Data segment:
---

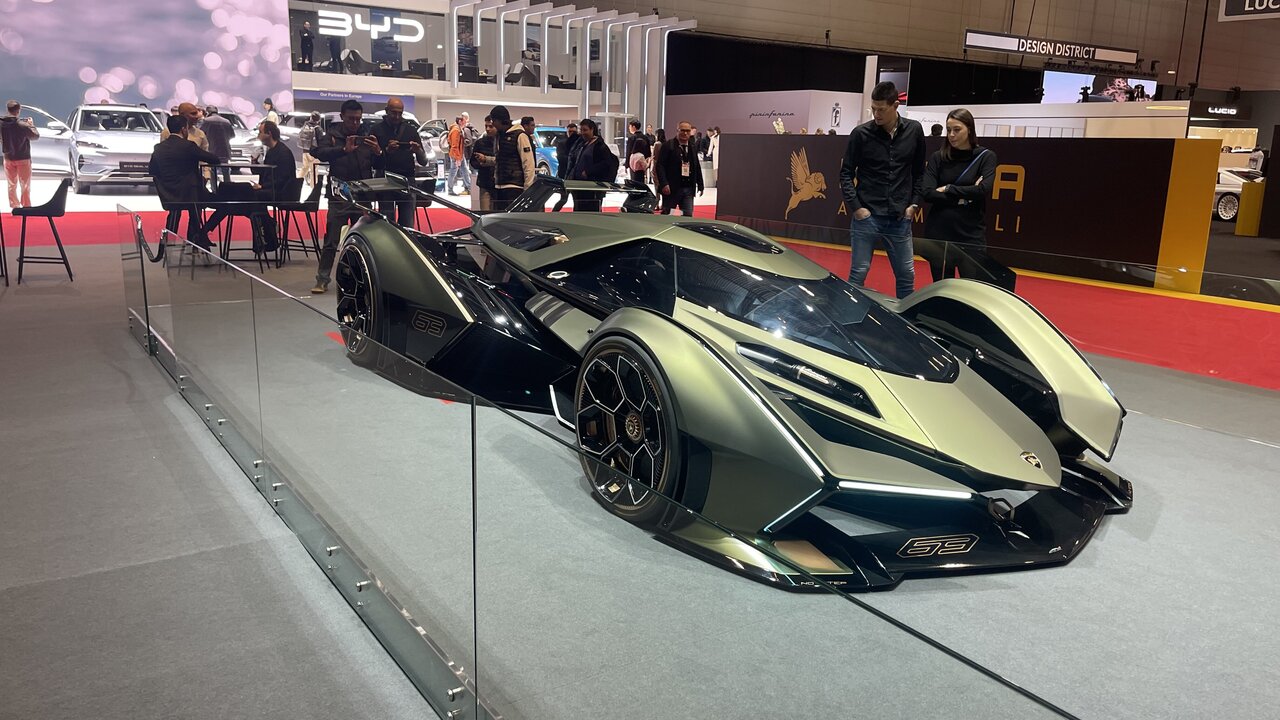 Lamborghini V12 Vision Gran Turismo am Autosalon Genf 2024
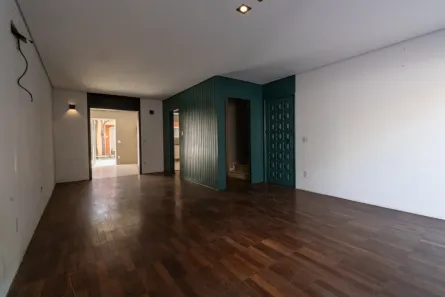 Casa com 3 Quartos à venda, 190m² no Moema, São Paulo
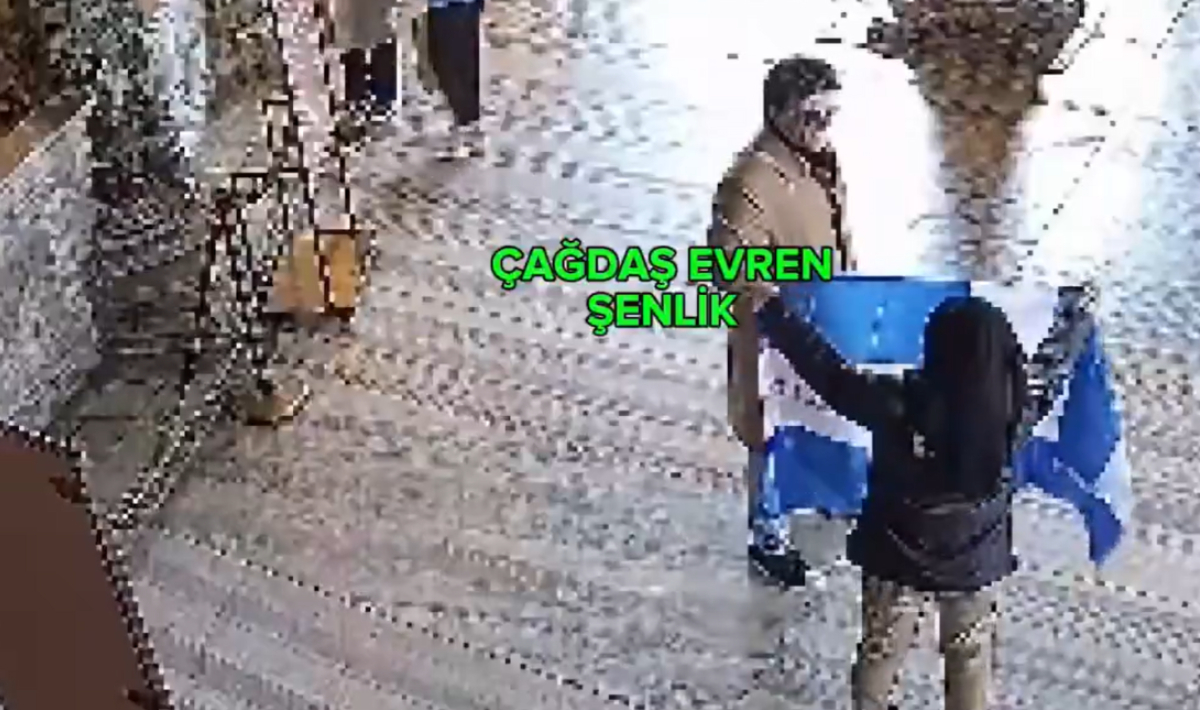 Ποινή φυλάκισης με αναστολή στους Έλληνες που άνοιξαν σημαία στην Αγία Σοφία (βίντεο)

---

What the exercise asks: Every line of the material is to be quoted exactly, with no pictures carried over.

Result of the exercise:
 Lamborghini V12 Vision Gran Turismo am Autosalon Genf 2024
 Casa com 3 Quartos à venda, 190m² no Moema, São Paulo
 Ποινή φυλάκισης με αναστολή στους Έλληνες που άνοιξαν σημαία στην Αγία Σοφία (βίντεο)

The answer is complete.